By Luca Trevisan
In the coming Spring semester, the Simons Institute will host a program on Algorithmic Challenges in Genomics, and a program on Counting Complexity and Phase Transitions.
Computational biology has its roots in the theoretical computer science community, and it has grown into a broad area involving mathematicians, physicists, biologists and computer scientists. The program on Algorithmic Challenges in Genomics, organized by Ming Li, Lior Pachter, Pavel Pevzner and Ron Shamir, will bring a multidisciplinary group of researchers to the Simons Institute to work on theoretical challenges in computational biology, including both modeling issues and algorithmic challenges.
The availability of cheap genome sequencing has generated a large amount of genomic medical data, for which new analysis techniques need to be developed. One focus area will be cancer biology: the practice of sequencing tumor cells, and the need for new approaches to improve diagnosis and to develop personalized therapies make cancer biology an area that is rich both in data and in computational challenges with potentially significant applications.

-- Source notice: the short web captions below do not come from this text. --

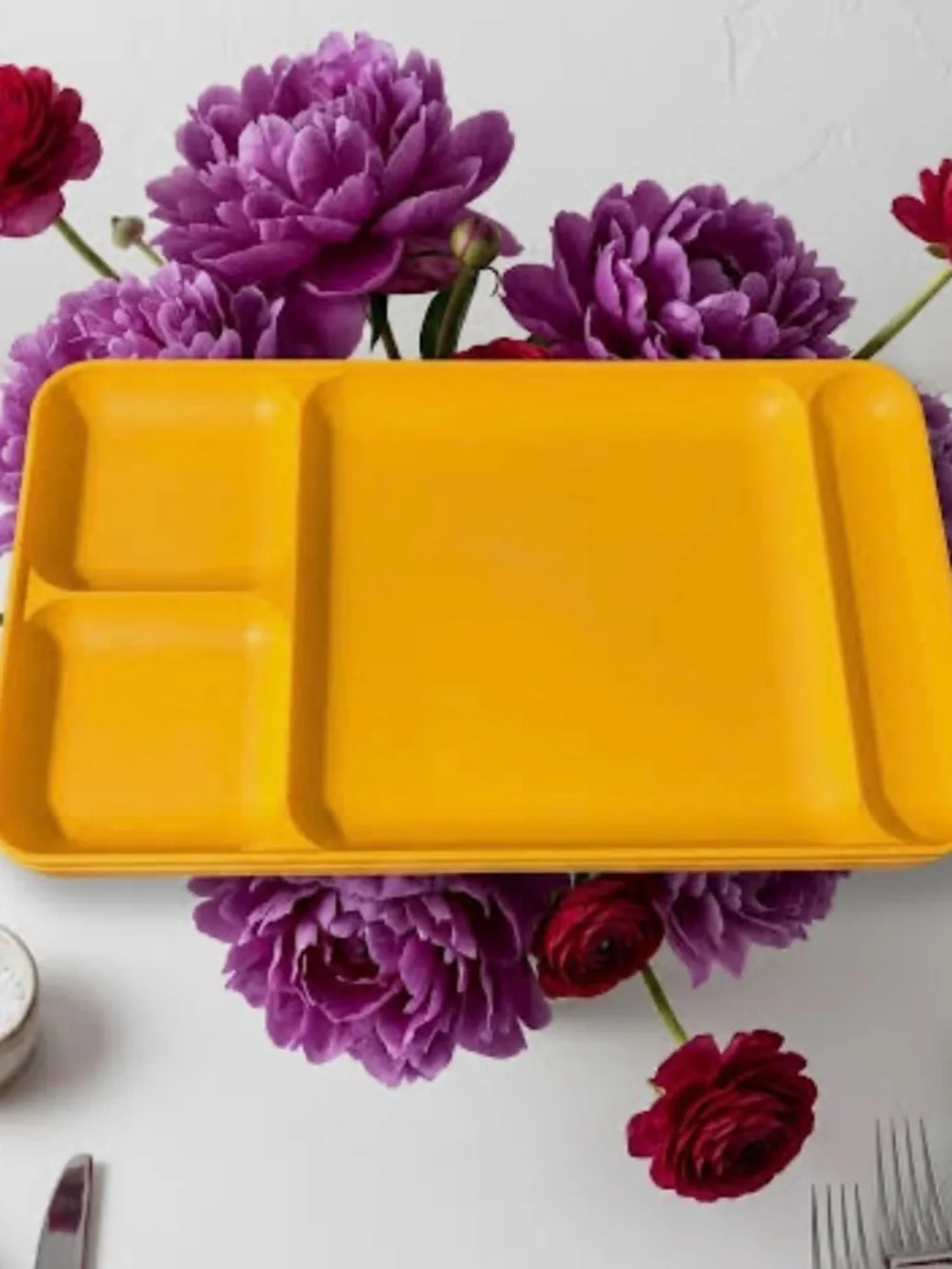 🌸 Vintage Tupperware Yellow Lunch Trays, Set of3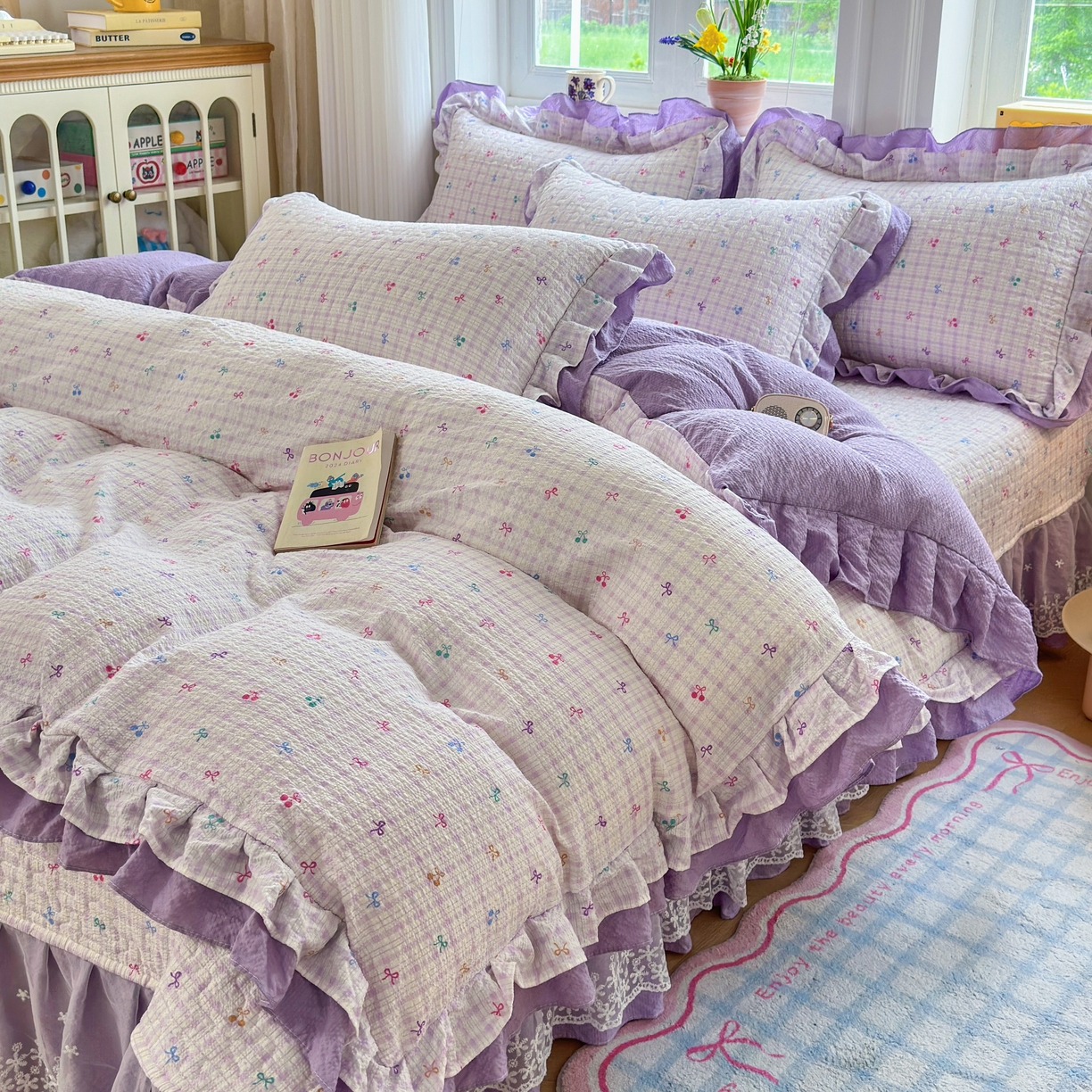 91家纺网 家纺一手货源 找家纺 雅眠居 2026直播爆款泡芙双层纱蕾丝花边被套款床盖款四件套 彩结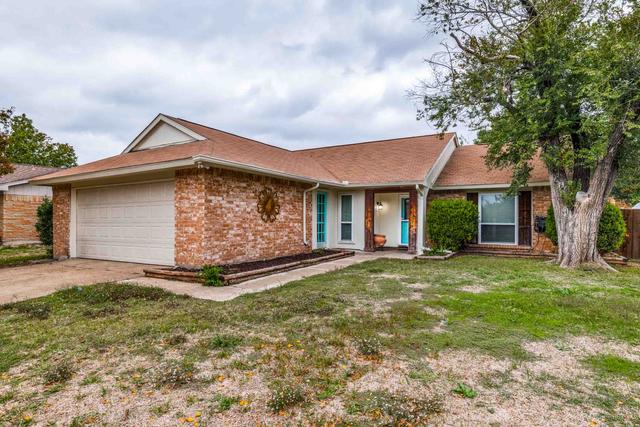 710 Bowie St, Forney, TX,
            75126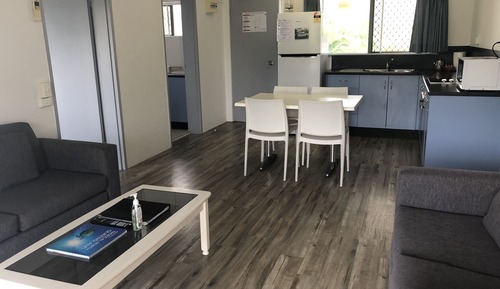 Classic Apartment, 2 Bedrooms, Garden View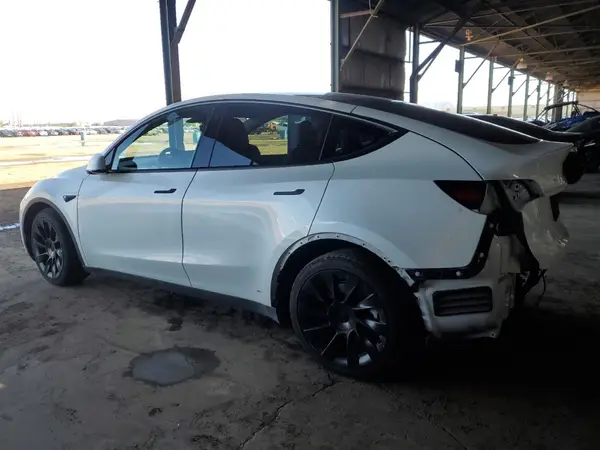 7SAYGDEE6NF354403 2022 TESLA MODEL Y - Image 2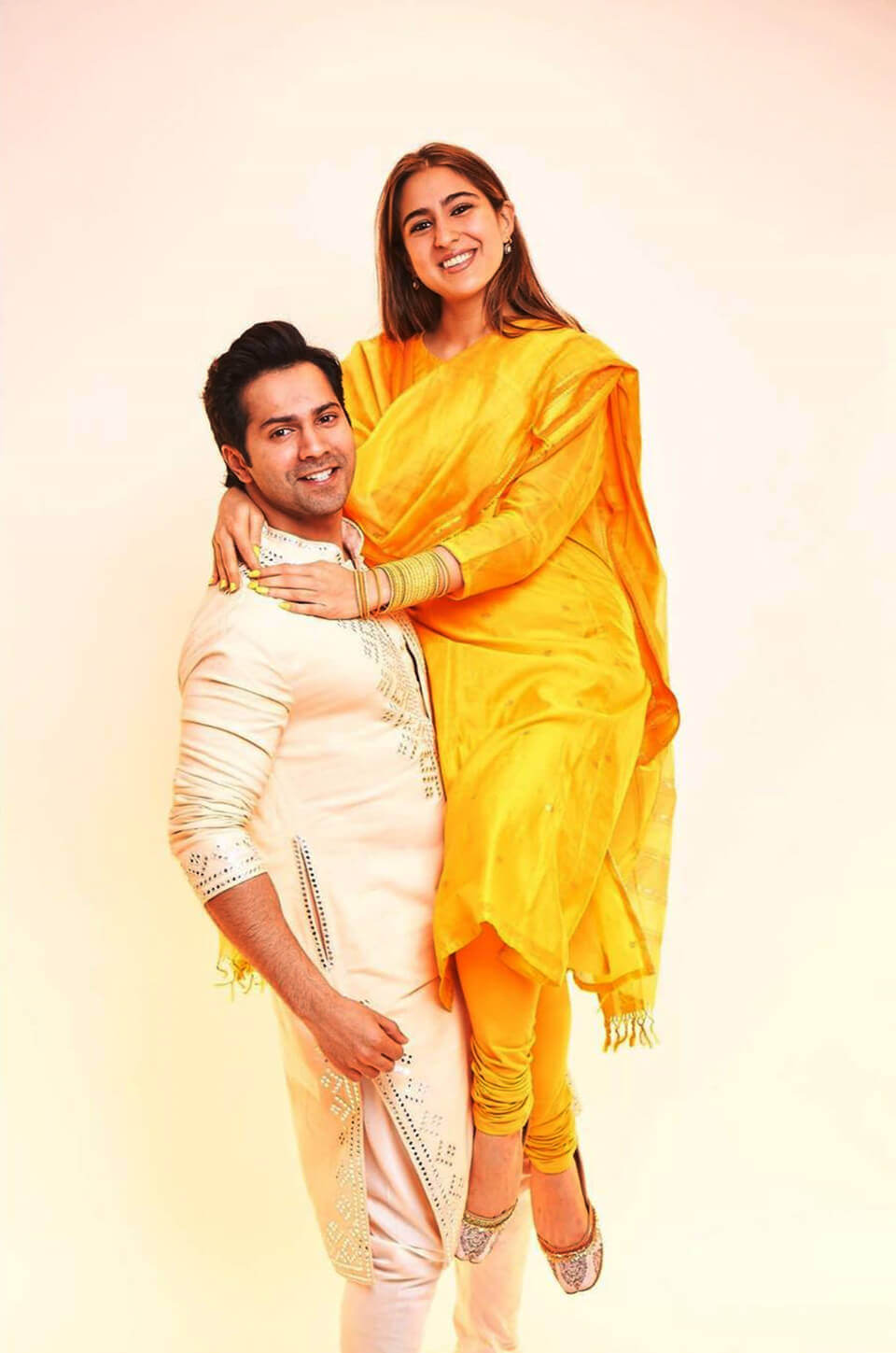 Dazzlerr: Ethnic Outfit Ideas of These Bollywood Divas are Perfect Ideas for Celebration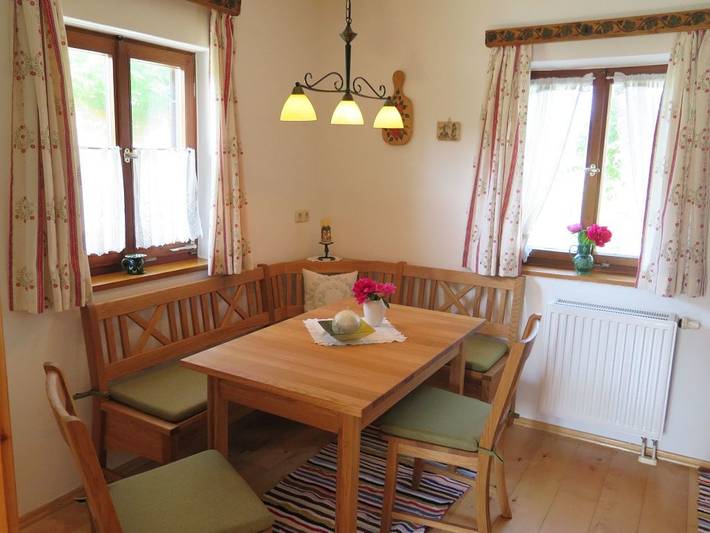 Ganze Ferienwohnung, Ferienwohnung Aiblinger - Fewo 90 m², 3 Sz, Liegewiese, seperates Wc, Bergblick, W-Lan(Gastzugang) in Frasdorf, Chiemsee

One goal, on the modeling side, will be to understand how genes are expressed, and to develop models of how DNA sequences are read and ”executed” under different environmental conditions by cells. Another research area covered by the program will be modeling the interactions between cells, taking advantage of the combined presence at the program of wet-lab biologists with deep domain knowledge, and of graph theorists and machine learning experts.
The program on counting complexity, organized by Andrei Bulatov, Jin-Yi Cai, Xi Chen, Martin Dyer and Allan Sly, deals with combinatorial problems in which one is interested in counting the number of solutions, rather that finding a solution, or optimizing a cost function. For example, given a graph, how many proper 3-colorings does it have, or how many independent sets, or how many perfect matchings?
Some counting problems are solvable in polynomial time: for example, one can count the number of perfect matchings in a planar graph by using linear-algebraic methods, and one can reduce other counting problems to the problem of counting perfect matchings in planar graphs by using local reductions. The latter type of algorithms are called holographic algorithms. Most counting problems are #P-complete, meaning that they cannot be solved in polynomial time unless all combinatorial counting problems are also solvable in polynomial time and P=#P (an even more unlikely complexity collapse than P=NP). Of counting problems that are #P-complete, some admit good polynomial time approximation algorithms, while others are also #P-hard to approximate. When they exist, approximation algorithms are often based on an equivalence between the task of generating random solutions almost uniformly and the task of approximating the number of solutions; in turn, the task of generating random solutions can be solved by randomized algorithms that perform a ”random walk” on the space of solutions, where one step of the walk consists in making small local changes to the solution at each step. In order to analyze the mixing time of such random walks, ideas from statistical physics are often useful, and interactions between computer scientists interested in approximate counting algorithms and statistical physicists have been very successful in the past two decades. The analysis of probabilistic processes that are involved in such approximation algorithms is also closely related to threshold phenomena in random structures and in random processes.
The program will involve both researchers who specialize in exact counting and #P-completeness via local reductions, and researchers interested in approximate counting problems and threshold phenomena: the two communities study closely related problems but they do not often have the opportunity to collaborate that the program will offer.